**GIVEN RECORDS**
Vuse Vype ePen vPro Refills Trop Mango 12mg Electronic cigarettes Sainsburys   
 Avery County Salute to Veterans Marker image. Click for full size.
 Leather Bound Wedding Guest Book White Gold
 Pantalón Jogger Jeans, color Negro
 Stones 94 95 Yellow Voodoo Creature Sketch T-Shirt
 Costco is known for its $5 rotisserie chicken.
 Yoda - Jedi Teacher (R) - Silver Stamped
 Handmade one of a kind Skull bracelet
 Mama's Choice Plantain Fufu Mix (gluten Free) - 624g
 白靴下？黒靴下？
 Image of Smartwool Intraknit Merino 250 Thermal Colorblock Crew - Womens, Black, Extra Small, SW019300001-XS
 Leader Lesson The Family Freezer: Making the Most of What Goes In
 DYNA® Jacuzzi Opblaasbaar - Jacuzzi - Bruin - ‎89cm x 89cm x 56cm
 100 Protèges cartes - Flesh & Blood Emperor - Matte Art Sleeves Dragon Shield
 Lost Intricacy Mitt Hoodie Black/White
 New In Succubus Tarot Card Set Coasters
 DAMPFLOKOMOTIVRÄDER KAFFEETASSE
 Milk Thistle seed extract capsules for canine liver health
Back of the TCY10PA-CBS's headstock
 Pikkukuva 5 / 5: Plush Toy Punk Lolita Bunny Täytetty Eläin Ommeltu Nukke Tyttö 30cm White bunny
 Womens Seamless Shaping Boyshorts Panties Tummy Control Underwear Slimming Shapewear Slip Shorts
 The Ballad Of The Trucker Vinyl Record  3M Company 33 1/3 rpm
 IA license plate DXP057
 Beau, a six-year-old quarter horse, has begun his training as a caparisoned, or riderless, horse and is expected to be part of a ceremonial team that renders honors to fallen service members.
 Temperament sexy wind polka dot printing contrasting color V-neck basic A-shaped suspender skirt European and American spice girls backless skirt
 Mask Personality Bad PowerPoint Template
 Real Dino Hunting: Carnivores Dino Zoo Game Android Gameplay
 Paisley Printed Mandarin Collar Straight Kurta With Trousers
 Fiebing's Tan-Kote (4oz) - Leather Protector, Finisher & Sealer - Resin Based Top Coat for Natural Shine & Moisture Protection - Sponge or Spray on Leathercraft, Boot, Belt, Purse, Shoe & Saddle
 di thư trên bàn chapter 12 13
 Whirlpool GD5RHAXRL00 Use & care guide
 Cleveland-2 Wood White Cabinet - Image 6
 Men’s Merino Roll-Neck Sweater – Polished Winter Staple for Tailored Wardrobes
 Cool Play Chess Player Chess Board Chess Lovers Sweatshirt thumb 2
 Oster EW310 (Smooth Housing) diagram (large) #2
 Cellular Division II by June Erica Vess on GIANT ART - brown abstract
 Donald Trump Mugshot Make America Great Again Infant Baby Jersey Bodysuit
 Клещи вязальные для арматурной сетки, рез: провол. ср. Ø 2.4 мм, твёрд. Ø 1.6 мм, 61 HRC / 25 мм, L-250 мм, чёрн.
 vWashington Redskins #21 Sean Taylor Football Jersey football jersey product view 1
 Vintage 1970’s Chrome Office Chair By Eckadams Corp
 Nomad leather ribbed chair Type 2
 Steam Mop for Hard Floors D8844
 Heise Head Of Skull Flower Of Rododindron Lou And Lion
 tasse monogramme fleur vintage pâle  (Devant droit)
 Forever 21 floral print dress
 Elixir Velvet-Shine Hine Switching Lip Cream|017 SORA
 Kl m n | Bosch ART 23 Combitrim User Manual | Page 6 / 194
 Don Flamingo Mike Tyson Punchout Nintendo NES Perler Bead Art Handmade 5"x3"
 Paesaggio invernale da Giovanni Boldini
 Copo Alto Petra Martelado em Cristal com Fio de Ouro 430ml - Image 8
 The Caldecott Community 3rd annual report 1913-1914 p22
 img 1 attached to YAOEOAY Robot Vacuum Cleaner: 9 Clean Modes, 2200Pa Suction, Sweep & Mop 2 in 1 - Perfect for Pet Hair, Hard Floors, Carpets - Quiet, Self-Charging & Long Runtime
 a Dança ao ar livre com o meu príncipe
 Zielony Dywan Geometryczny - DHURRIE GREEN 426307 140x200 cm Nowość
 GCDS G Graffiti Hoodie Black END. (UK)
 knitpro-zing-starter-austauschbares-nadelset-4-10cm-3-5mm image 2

**WHAT THIS TASK INVOLVES**
Take the first line of the material above as the start and the line that contains "Image of Smartwool" as the end. Output only that span, every line exactly as it stands.

**WRITTEN RESPONSE**
Vuse Vype ePen vPro Refills Trop Mango 12mg Electronic cigarettes Sainsburys   
 Avery County Salute to Veterans Marker image. Click for full size.
 Leather Bound Wedding Guest Book White Gold
 Pantalón Jogger Jeans, color Negro
 Stones 94 95 Yellow Voodoo Creature Sketch T-Shirt
 Costco is known for its $5 rotisserie chicken.
 Yoda - Jedi Teacher (R) - Silver Stamped
 Handmade one of a kind Skull bracelet
 Mama's Choice Plantain Fufu Mix (gluten Free) - 624g
 白靴下？黒靴下？
 Image of Smartwool Intraknit Merino 250 Thermal Colorblock Crew - Womens, Black, Extra Small, SW019300001-XS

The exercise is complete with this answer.